Excerpted data START

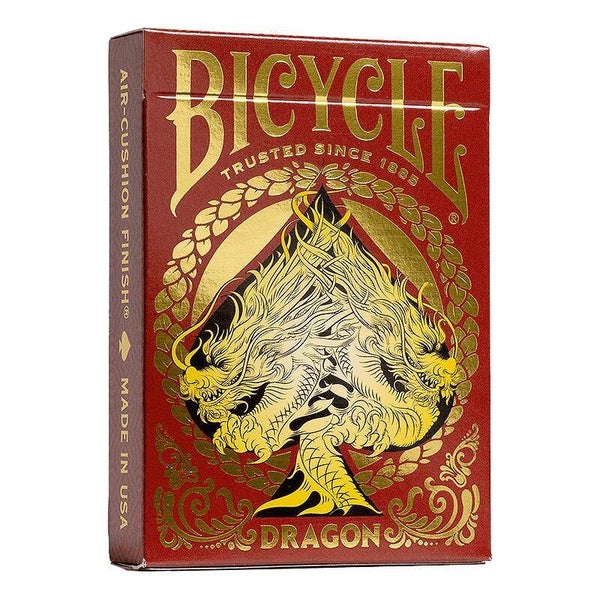 Mazzo di Carte Bicycle Red Dragon by US Playing Card Co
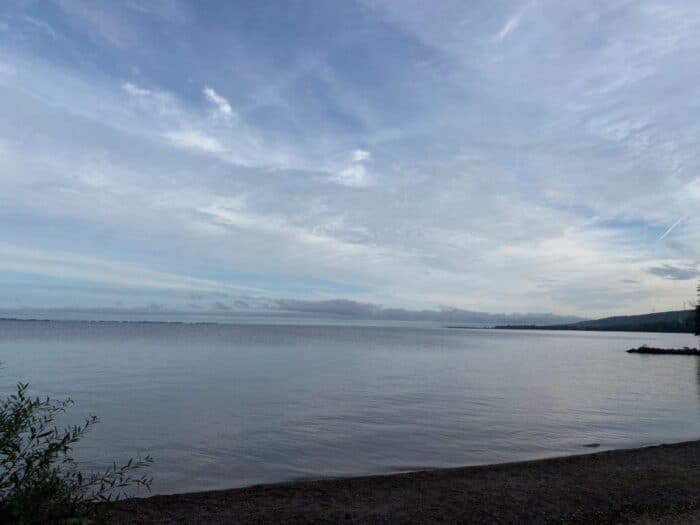 Röttle, Småland, Sweden, Lake Vättern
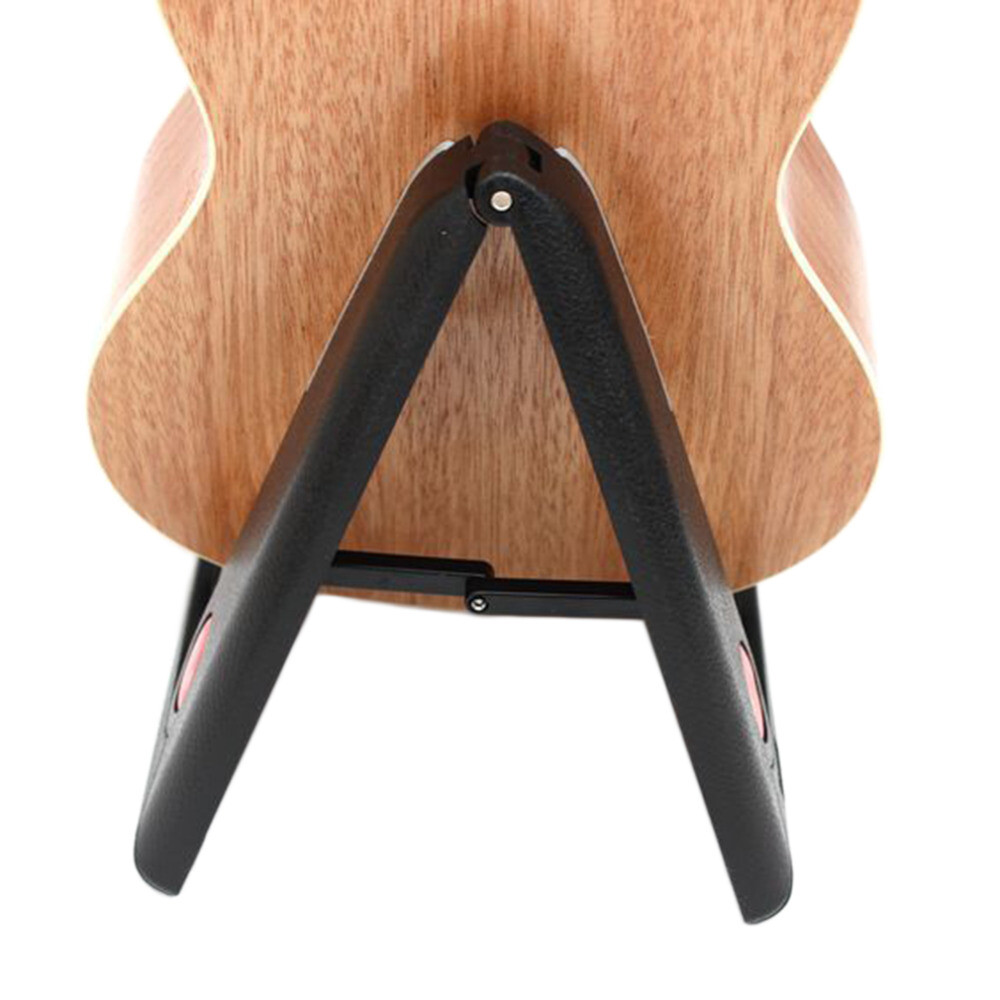 Foldable Ukulele Stand Holder A-frame Mount Violin Bracket Ukulele Hanger
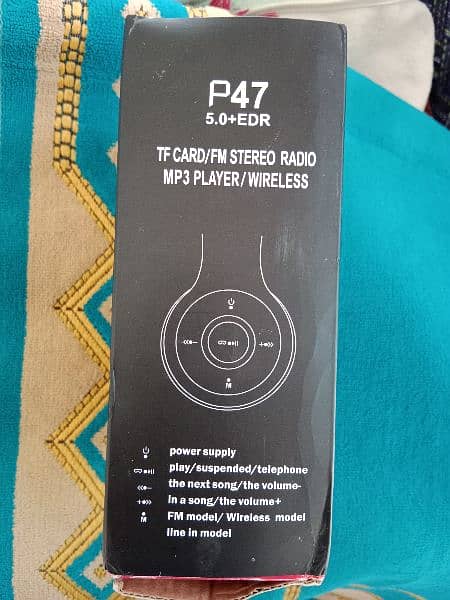 P47 original wireless Headphones 2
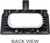 Yealink Wall Mount for T73U, T73W, T74U, T74W, T77U Phones only (Does NOT fit T74LTE/T77LTE) - Secure Bracket Holder, Exact Fit, Easy Installation, Ideal for a Clutter-Free Desk, Global Teck Cloth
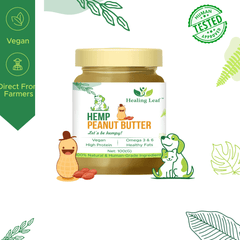Healing Leaf Hemp peanut butter - Pet (100 gms)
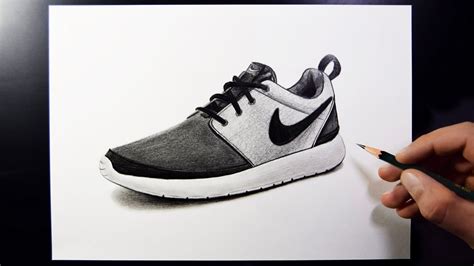 draw nike shoes speed drawing doovi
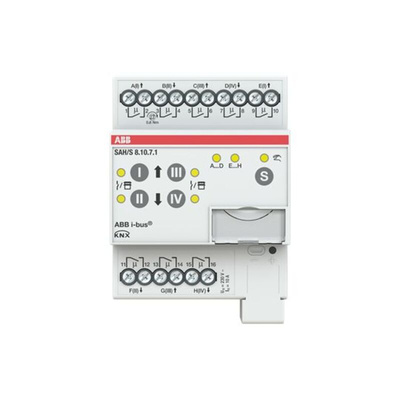 ABB PLC I/O Module for Use with KNX Bus System
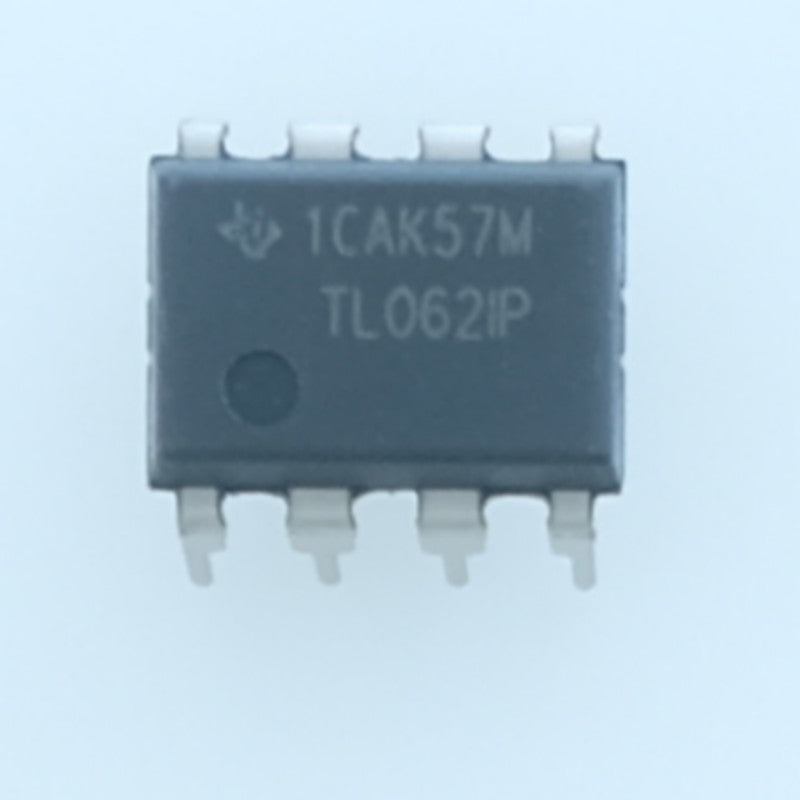 TL062IP Operational Amplifier Dual Low Power DIP-8 Texas - Distri-Compo
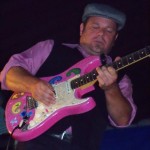 Arthur James; NH blues man.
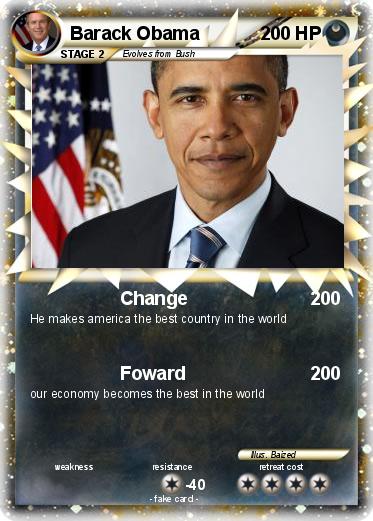 Pokemon Barack Obama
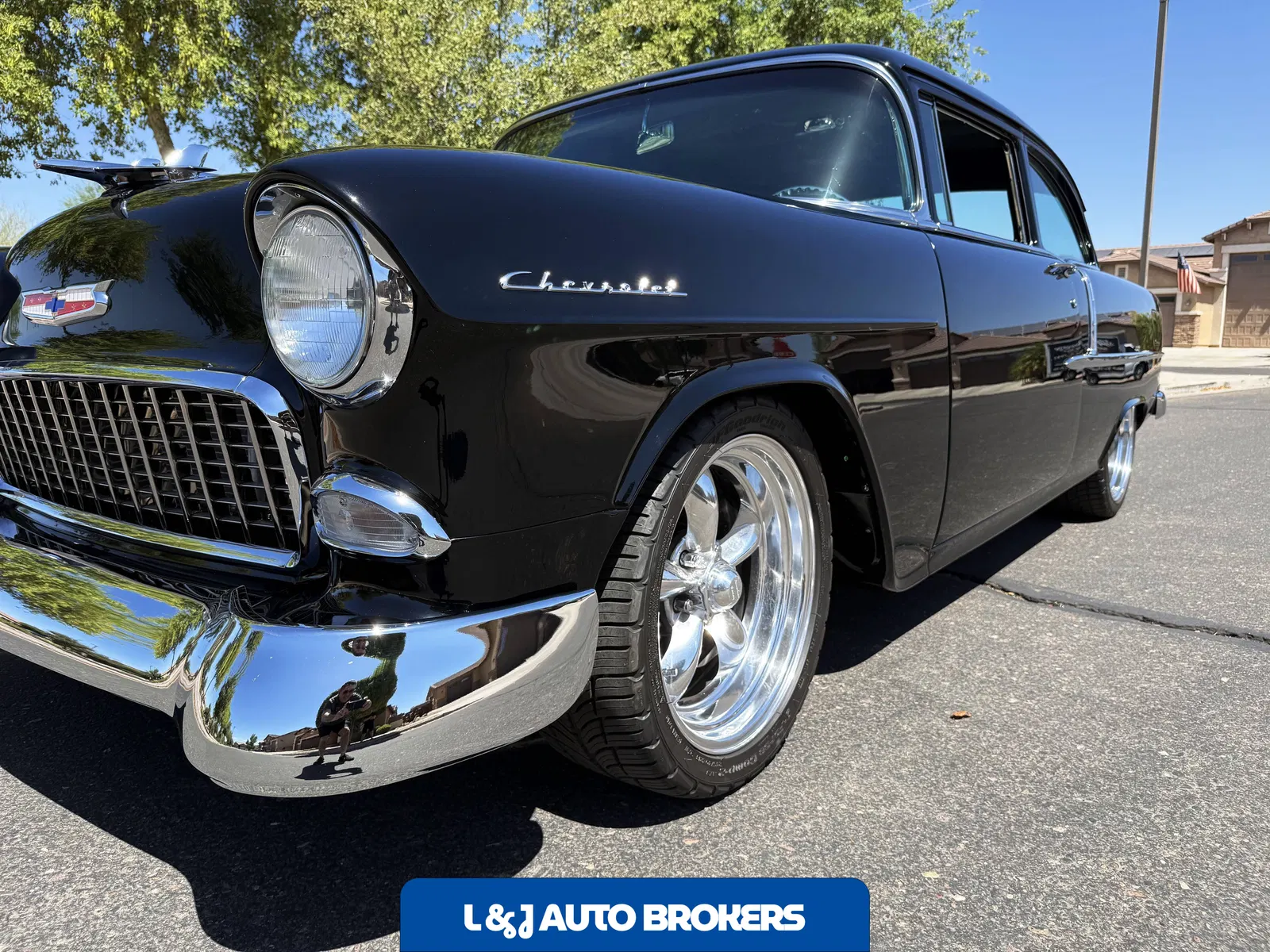 Show-Quality LS-Powered 1955 Chevrolet 210 Restomod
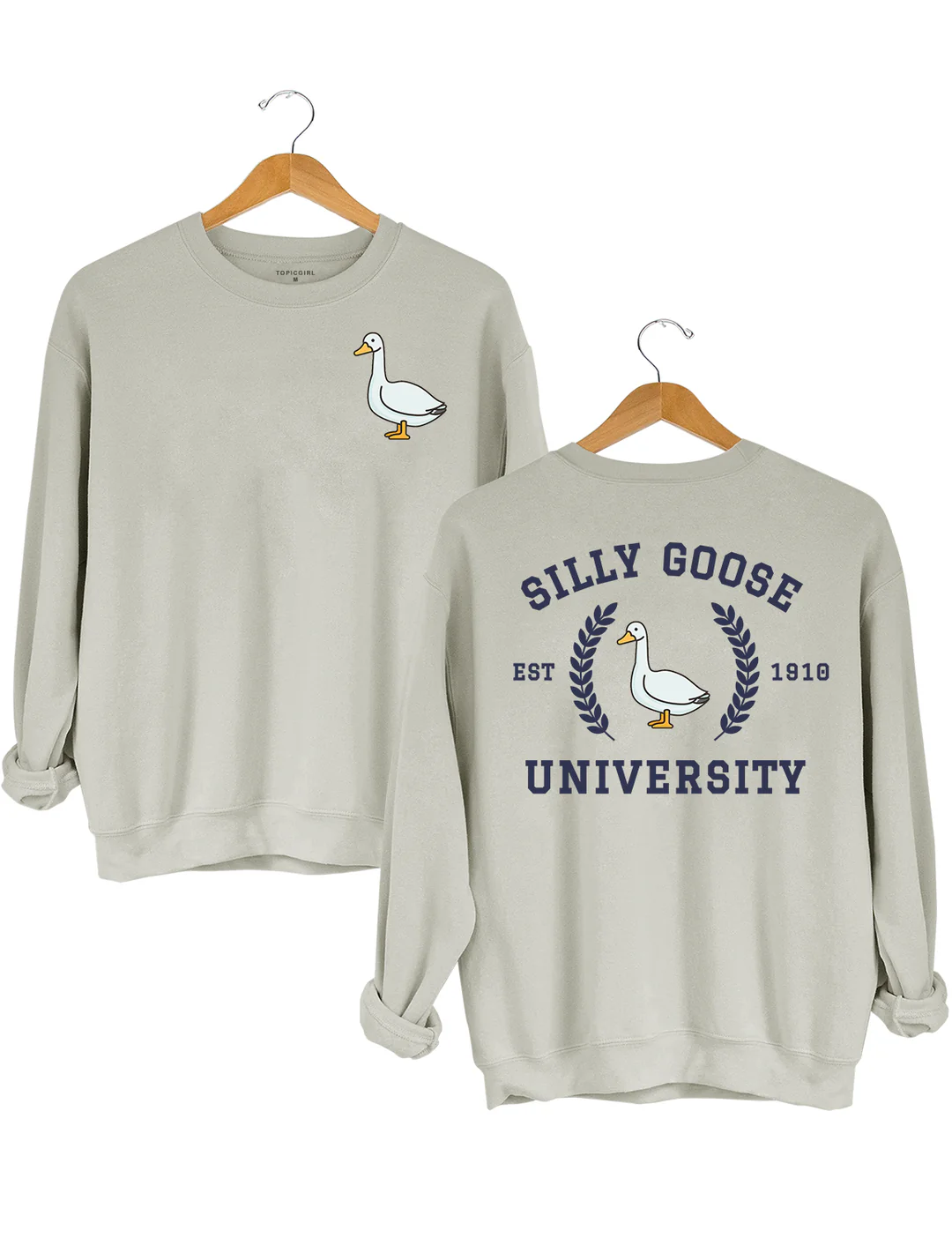 Silly Goose University Sweatshirt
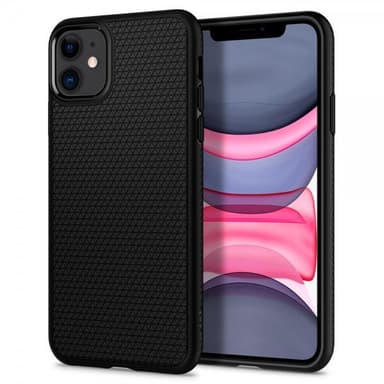 Spigen iPhone 11 Cover Liquid Air Mate Black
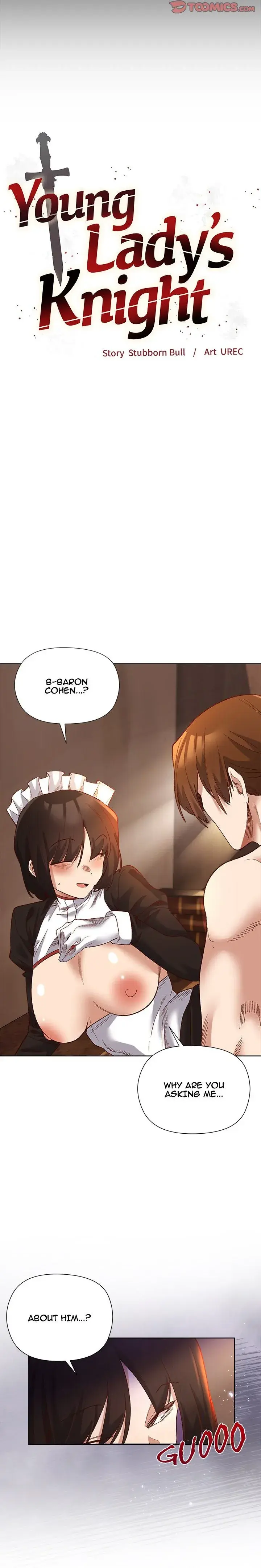 I Will Protect The Lady Chapter 13 - Page 3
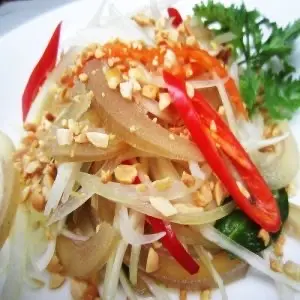 Hình ảnh Gỏi da bò tơ Quãng Ngãi 
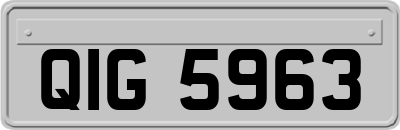 QIG5963
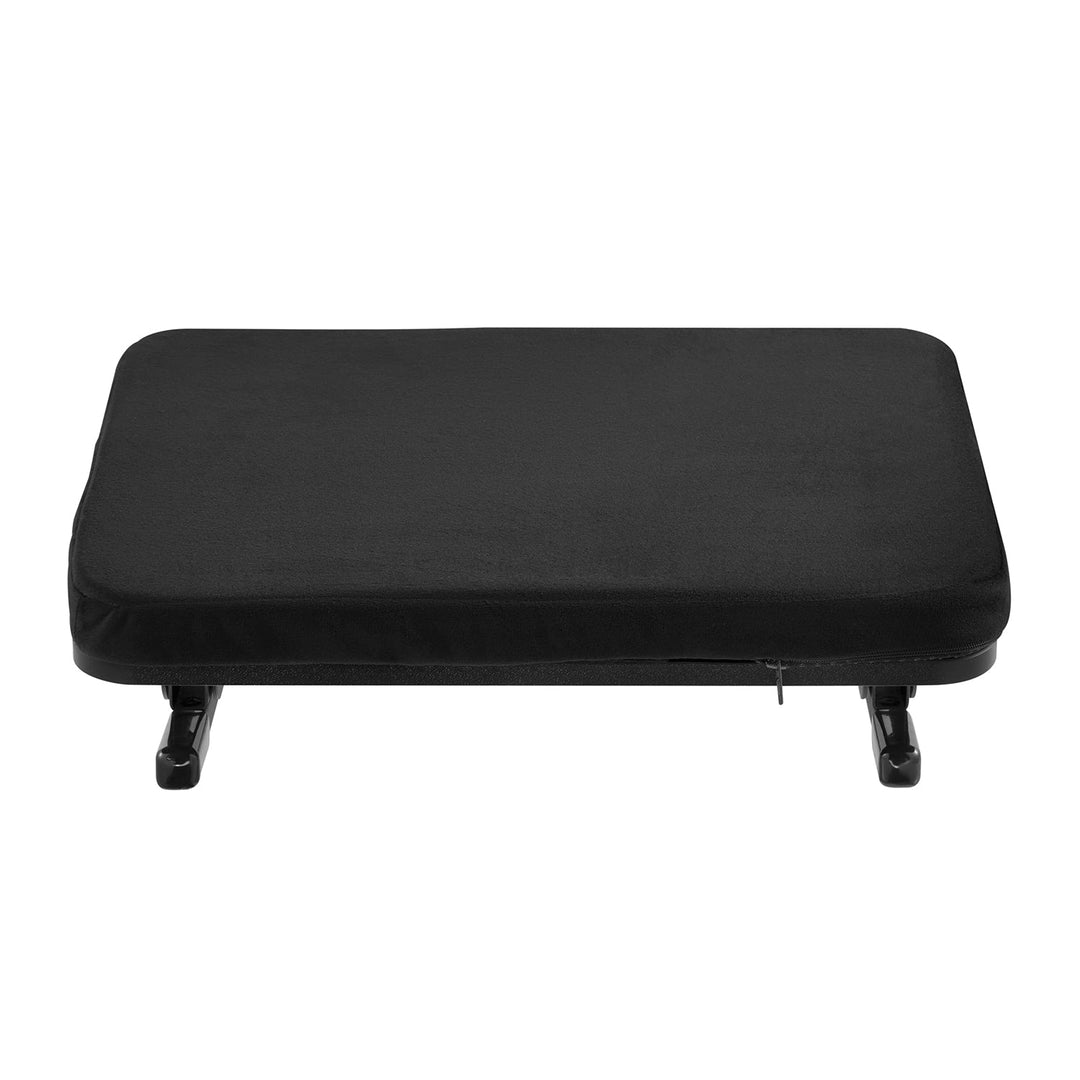Maclean ergonomski naslon za noge, naslon za noge, glatko podesiv kut, uklonjivi jastuk, MC-460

Excerpted data END

• _Your assignment_:
An exact copy of the lines from the one with "Show-Quality LS-Powered 1955" through the last line of the records, inclusive, is required, with all pictures left out.

• _Task response_:
 Show-Quality LS-Powered 1955 Chevrolet 210 Restomod
 Silly Goose University Sweatshirt
 Spigen iPhone 11 Cover Liquid Air Mate Black
 I Will Protect The Lady Chapter 13 - Page 3
 Hình ảnh Gỏi da bò tơ Quãng Ngãi 
 QIG5963
Maclean ergonomski naslon za noge, naslon za noge, glatko podesiv kut, uklonjivi jastuk, MC-460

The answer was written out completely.